That is very true, the other thing is, people complaining that the lawn sprinkler system sucks also helps you weed out poor employees. I mean, it is very easy not to piss off the guests, but selling is an entirely different thing. Anyone that says being a front desk clerk is not a sales job has never worked in a hotel.
The employees at the telemarketing place were just awful. Now, the call centers themselves either get paid by the sale or by the hour and the vast majority are by the hour, so they want to staff as many people as possible, as a result, you end up with people that aren’t fit to work at goddamn Burger King.

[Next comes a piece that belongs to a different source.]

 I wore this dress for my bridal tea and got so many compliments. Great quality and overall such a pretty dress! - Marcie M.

The donation telemarketing is different, the companies have to be more picky there. How many of the donation calls work is lets say the State Troopers Association calls you, well, they are not Troopers it is a telemarketing place. The telemarketing place pays the State Troopers Association $500,000 (or more) guaranteed money for the calling lists and then gives a percentage of what the people donate (generally 10-15%). Now, that $500,000 is lost money as is the percentage, so you need to hire people that can sell very well to make that up because every lead that doesn’t get sold may have been sold by a better seller and calling lists are only good for so long. Even if the telemarketing firm does not draw $500,000 in total donations the still have to pay the 500K to the Troopers Association.

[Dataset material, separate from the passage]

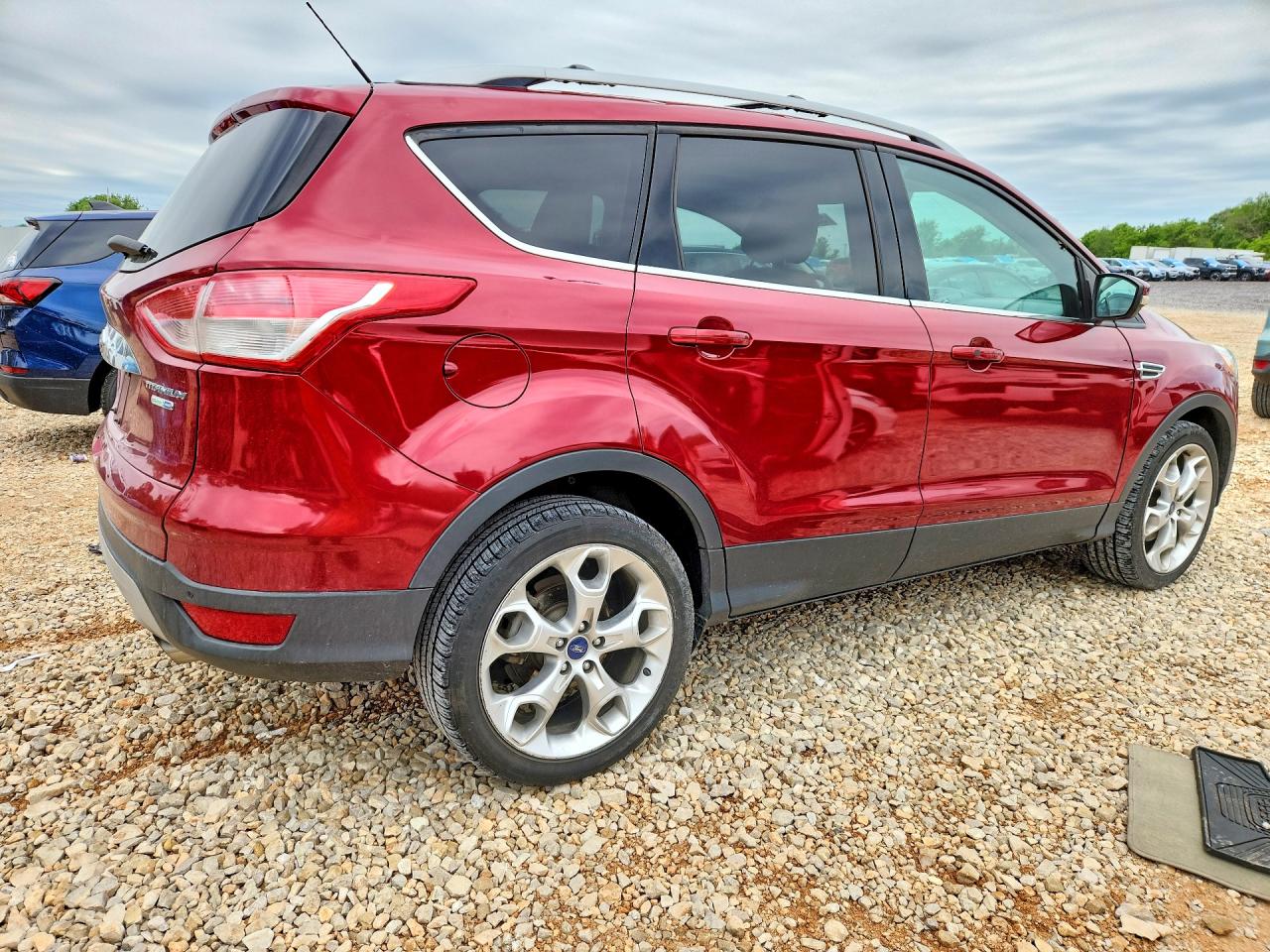 2014 FORD ESCAPE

The telemarketing center I worked at (which I am still bound not to disclose who they nor the client were) sold credit cards and credit card products and got paid by the client by the hour, even though there are company sales goals that it would be a good idea to hit the most important thing is to call all of your allotted hours on each individual program. Hours are alotted by the month so if you have a program in danger of not hitting hours, then you pull people from another program and train them to the program in jeopardy inadequately just so you don’t leave any money on the table.
Then there are your inbound places. Most of the time when you call customer service or tech support for a company you are not actually calling the company you do business with but an independent third-party company. Now, customer service is the name of the game here as they get paid by the other company by the hour, but you also want to upsell people to products or upgrades they do not already have because you usually get about 20% of that sale, and if it is a monthly service charge you usually get everything for the first month. The employees there are better off because if you are good at sales but somewhat lacking in actual customer service, they will keep you, and if you are great at customer service, but can’t sell Aquafina in the Sahara, they will still keep you.

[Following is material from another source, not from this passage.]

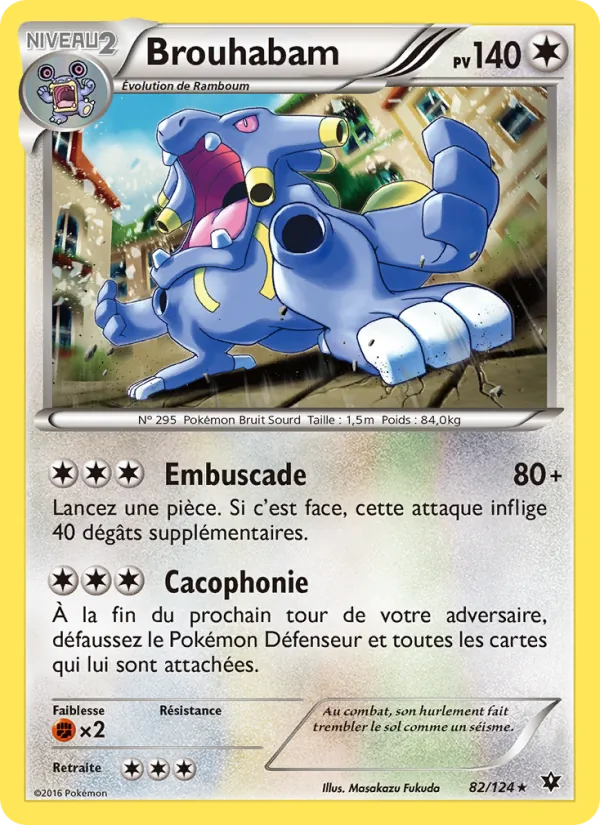 Brouhabam, Impact des Destins Nº 82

The final type of outbound telemarketing is a company that gets paid by the sale, not at all by the hour. They will fire you just as quickly as the donation places if you can’t sell. Most of these companies fold quickly and on average, if any of the above companies take a project like this they usually drop it within 2-3 months.
I would mention political and survey calling but these are one time contracts usually paid by the hour to the company and are handled by the above types of companies. There are very few telemarketing firms engaged exclusively in political or survey calling they would not survive.
The thing that sucked for our company was everytime we would get a good employee who could sell and follow all of the rules they would usually pick up six months or so of experience and then go to an inbound place. The average employee turnover (known in the industry as attrition) is about 130%…monthly.